Mistissini traplines have witnessed a great expansion in logging operations as forests in Quebec’s south have been depleted. Two companies, Chantiers Chibougamau and Barrette-Chapais, hold the timber licenses to cut in Mistissini lands.

Said Etapp, “All of the southern traplines will be affected as far as the Rupert River Basin, Coldwater Lake and the headwaters of the Temiscamie River. It will be the same level of activity as in Waswanipi and Ouje-Bougoumou. Nemaska will also be affected.”

The new logging camp is planned for somewhere in the area to the east of the community. A 120-km logging road already exists that branches off from Route 167, the road from Chibougamau north-east to Lac Albanel. Etapp said the company wants to extend the existing logging road southwards. Soon it will hook up with logging roads snaking northward from Lac St. Jean. “That’s going to really open up the territory. For non-Native hunters, that’s ideal for them,” said Etapp, whose own family’s trapline is in the heart of the affected territory.
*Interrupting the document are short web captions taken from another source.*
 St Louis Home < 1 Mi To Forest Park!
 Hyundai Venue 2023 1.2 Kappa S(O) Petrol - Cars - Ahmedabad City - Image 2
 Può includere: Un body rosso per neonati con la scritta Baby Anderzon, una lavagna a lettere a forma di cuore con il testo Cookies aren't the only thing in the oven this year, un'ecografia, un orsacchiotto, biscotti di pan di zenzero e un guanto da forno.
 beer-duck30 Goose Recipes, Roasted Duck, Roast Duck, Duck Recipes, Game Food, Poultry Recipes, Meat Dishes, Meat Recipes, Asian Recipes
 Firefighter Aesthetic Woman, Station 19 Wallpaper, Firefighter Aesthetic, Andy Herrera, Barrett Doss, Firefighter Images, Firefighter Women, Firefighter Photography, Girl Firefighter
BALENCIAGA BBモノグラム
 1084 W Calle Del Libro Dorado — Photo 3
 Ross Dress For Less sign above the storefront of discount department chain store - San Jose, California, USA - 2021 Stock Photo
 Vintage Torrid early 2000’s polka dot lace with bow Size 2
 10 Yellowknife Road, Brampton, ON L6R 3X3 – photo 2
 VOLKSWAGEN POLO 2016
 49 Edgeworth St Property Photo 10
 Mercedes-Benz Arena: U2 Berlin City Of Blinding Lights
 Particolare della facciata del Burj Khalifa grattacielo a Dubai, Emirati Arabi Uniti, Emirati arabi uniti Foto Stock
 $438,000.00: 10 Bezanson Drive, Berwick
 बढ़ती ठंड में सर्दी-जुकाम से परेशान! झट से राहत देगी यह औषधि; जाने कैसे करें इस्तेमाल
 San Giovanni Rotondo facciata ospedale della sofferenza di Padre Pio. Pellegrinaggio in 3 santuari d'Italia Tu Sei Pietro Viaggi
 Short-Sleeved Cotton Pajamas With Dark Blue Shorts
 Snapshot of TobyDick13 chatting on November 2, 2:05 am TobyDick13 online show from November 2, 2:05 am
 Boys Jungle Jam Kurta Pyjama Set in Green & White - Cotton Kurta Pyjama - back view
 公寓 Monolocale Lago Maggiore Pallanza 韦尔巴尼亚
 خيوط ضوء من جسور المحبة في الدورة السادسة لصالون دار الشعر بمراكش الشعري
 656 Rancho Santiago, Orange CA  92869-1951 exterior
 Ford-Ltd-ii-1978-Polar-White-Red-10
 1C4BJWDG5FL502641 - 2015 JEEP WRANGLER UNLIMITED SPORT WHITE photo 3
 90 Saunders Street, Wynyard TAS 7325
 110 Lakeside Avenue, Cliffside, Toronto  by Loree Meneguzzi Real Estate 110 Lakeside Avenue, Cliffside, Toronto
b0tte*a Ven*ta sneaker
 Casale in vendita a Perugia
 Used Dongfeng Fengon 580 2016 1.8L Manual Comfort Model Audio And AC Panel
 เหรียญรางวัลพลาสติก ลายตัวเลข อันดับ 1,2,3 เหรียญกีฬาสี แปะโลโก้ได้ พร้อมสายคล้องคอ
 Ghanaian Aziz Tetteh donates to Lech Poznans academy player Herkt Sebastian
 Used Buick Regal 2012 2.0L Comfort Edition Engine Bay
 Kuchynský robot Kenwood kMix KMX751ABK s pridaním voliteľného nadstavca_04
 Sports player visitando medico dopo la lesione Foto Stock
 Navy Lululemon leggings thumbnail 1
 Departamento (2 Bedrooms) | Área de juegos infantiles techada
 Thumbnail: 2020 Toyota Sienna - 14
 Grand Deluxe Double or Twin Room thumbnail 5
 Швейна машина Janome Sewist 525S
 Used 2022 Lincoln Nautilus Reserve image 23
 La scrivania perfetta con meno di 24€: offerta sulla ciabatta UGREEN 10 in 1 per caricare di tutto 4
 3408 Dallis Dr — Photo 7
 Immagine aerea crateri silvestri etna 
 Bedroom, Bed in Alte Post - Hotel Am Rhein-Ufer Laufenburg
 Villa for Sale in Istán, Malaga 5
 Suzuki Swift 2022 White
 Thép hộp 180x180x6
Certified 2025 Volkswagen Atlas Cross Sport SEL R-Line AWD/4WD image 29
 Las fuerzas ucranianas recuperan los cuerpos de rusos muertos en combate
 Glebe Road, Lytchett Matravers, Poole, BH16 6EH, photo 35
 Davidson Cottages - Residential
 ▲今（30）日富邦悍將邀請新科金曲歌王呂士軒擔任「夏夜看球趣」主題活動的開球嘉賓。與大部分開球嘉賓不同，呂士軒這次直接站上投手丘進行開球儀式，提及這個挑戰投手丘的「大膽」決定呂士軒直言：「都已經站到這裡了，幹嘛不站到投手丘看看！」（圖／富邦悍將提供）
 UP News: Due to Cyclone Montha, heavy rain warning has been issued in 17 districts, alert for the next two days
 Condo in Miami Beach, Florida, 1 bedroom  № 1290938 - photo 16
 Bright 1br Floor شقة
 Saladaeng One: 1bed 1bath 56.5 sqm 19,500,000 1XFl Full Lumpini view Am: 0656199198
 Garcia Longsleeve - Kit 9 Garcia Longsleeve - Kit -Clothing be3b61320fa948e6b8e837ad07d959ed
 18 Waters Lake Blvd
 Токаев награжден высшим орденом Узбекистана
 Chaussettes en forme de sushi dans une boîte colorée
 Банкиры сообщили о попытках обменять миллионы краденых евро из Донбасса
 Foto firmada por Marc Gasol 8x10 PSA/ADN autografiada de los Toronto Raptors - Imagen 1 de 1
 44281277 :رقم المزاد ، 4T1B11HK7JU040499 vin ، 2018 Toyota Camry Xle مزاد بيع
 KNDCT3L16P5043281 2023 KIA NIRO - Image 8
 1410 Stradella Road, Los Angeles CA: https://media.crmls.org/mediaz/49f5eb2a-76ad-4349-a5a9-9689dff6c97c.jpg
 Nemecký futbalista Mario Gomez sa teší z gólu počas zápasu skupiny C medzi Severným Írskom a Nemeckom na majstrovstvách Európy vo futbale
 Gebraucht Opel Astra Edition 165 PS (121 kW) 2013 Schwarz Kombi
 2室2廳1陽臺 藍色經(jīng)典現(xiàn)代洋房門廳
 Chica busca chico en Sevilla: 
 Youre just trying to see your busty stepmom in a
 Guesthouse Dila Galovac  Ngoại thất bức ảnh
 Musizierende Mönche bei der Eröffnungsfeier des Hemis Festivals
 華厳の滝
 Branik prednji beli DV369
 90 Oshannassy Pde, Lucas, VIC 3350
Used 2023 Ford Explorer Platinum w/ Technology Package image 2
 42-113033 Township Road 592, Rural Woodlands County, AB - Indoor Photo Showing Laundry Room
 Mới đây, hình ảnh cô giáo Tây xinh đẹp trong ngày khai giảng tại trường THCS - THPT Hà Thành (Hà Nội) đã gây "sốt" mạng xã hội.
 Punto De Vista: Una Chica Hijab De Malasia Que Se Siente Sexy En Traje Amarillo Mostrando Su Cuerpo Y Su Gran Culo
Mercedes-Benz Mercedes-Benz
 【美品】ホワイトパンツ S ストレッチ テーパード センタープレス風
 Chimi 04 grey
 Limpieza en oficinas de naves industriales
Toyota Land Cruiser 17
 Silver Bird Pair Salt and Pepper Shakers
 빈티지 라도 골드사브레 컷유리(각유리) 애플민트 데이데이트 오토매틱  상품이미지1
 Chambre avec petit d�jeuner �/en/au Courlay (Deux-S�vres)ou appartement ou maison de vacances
No environmental hearings are planned to examine the projects. Quebec does not require hearings on most forestry projects in the North, arguing that the James Bay Agreement exempts forestry from such hearings. Hearings are required in the south. Crees have long opposed this policy.

Etapp said Quebec should be taken to court and forced to hold hearings because forestry is devastating the Cree traditional way of life, which is protected by the James Bay Agreement and the Constitution.

“It’s an environmental crime,” he said. “Cree lands are becoming barren wastelands. It’s becoming very difficult to pursue a decent way of life based on subsistence. If there is no land base to teach our children traditional knowledge, it comes down to cultural genocide that’s taking place,” said Etapp.

“There is no respect for burial grounds, or culturally and historically significant areas. Traditional tallymen talk these days about the state of land they will have to pass on to someone in their families. What kind of land am I turning over to my children? Will they be able to make a decent living off it, as I have?”

Chantiers Chibougamau did not return our phone calls.